## REQUIRED ACTION:
In this exercise, the entries below include pictures. Repeat exactly the lines from the line with "Jun 30, 2024;" to the line with "Face of a woman", including both, but without the pictures.

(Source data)
<<<<
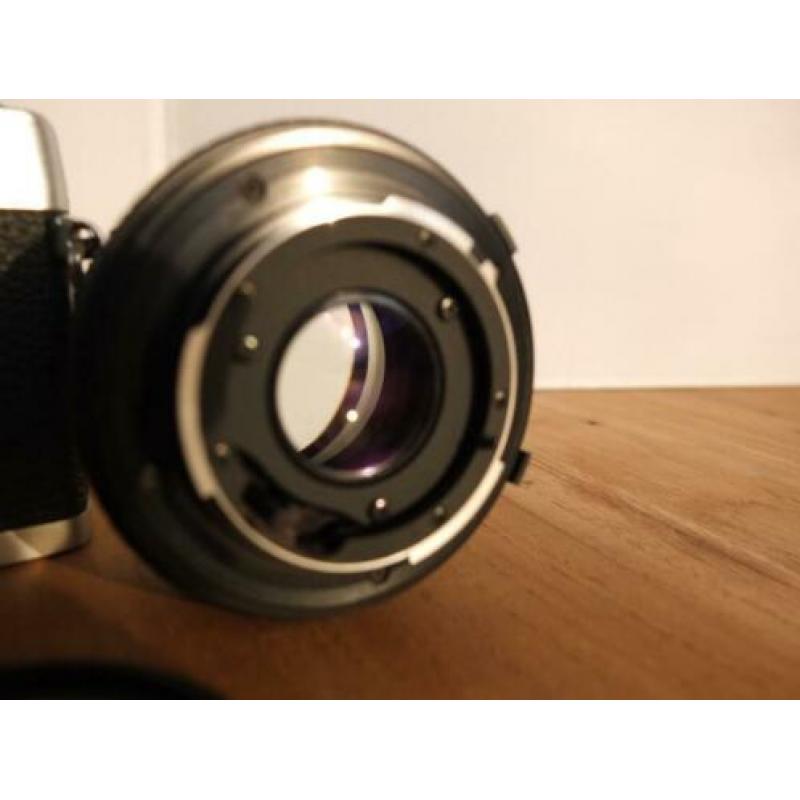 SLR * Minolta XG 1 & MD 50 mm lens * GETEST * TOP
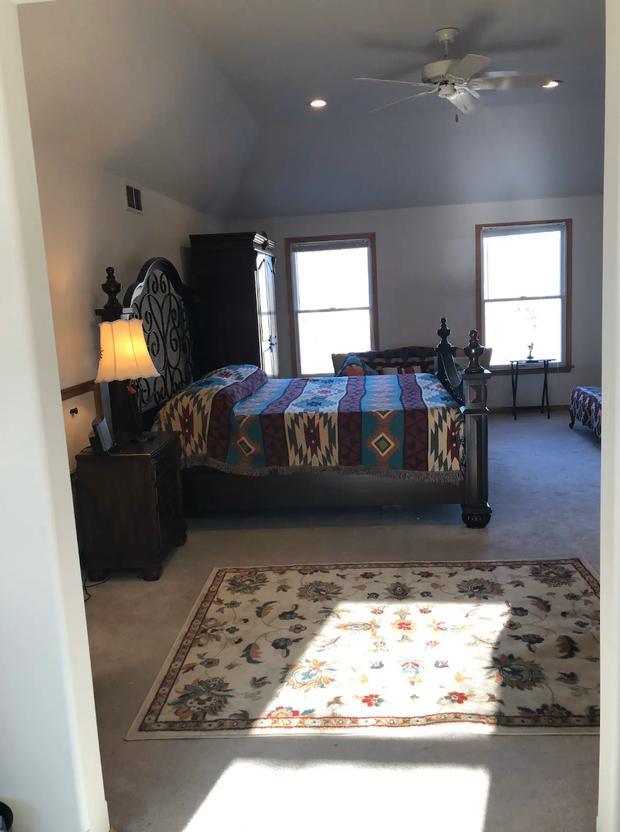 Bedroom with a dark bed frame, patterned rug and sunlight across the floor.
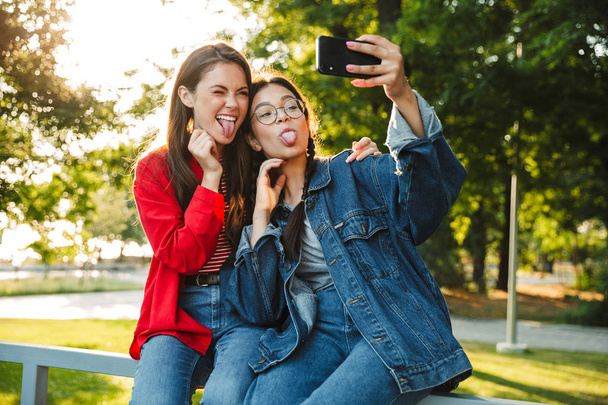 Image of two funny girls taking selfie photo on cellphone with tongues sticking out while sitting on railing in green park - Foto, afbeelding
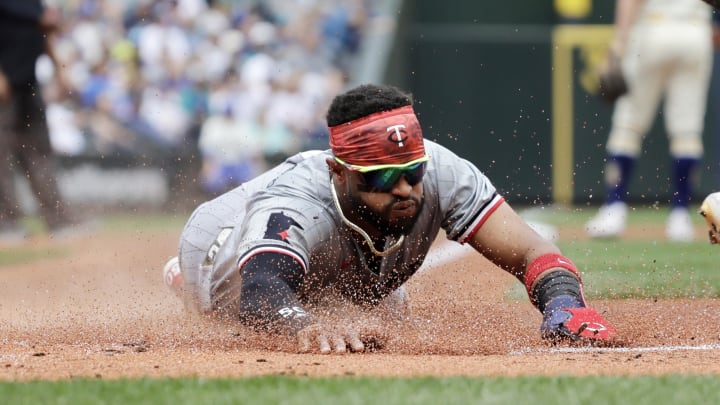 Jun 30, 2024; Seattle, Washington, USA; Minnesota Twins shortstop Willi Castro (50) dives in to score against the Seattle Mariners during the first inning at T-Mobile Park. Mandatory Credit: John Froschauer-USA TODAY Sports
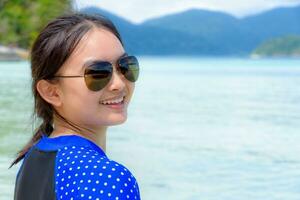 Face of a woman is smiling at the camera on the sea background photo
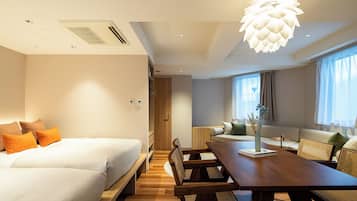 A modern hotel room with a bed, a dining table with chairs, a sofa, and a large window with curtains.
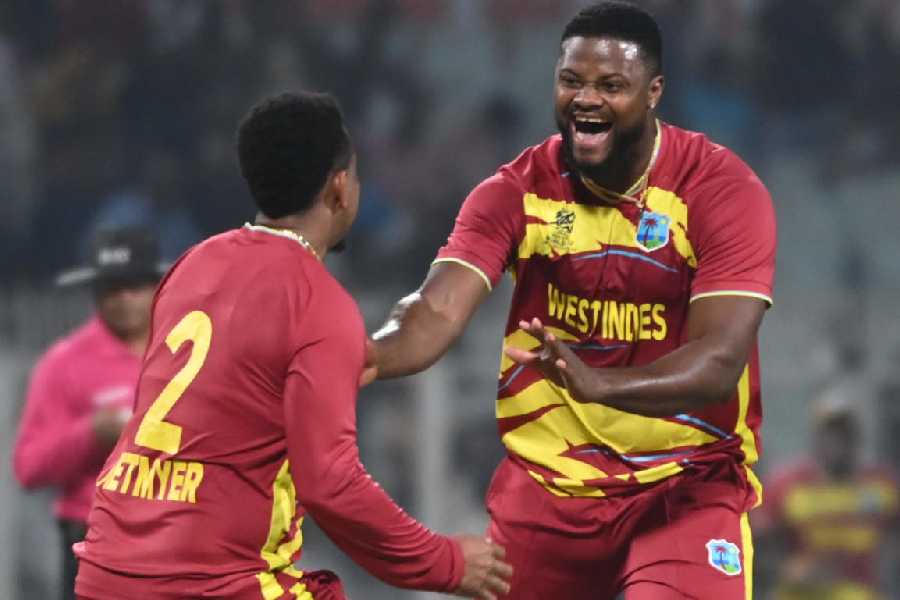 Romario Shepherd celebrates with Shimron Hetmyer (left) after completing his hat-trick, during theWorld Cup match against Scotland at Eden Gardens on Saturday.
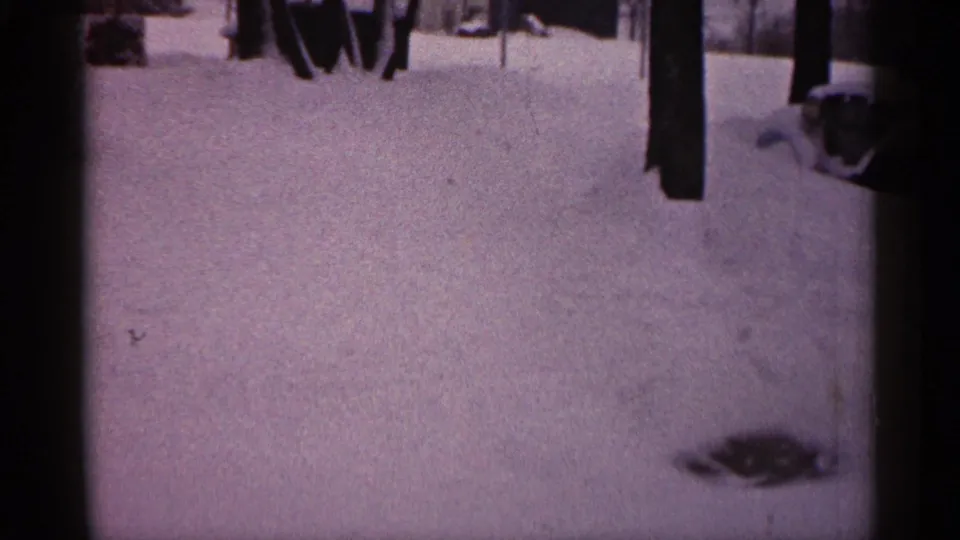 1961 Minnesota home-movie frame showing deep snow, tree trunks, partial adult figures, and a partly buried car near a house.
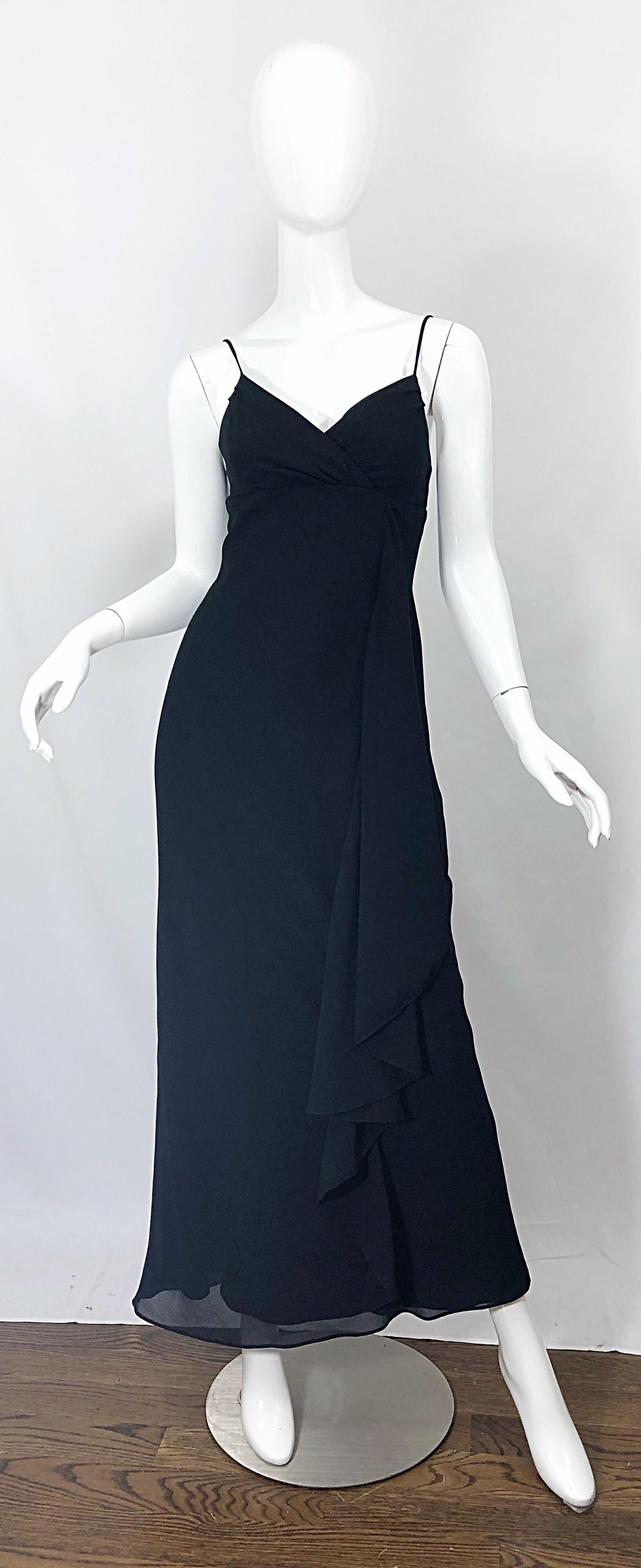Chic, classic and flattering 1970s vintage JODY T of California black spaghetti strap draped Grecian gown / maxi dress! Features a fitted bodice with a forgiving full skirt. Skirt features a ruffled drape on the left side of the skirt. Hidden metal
>>>>
## SOLUTION FOR THIS TASK:
 Jun 30, 2024; Seattle, Washington, USA; Minnesota Twins shortstop Willi Castro (50) dives in to score against the Seattle Mariners during the first inning at T-Mobile Park. Mandatory Credit: John Froschauer-USA TODAY Sports
 Face of a woman is smiling at the camera on the sea background photo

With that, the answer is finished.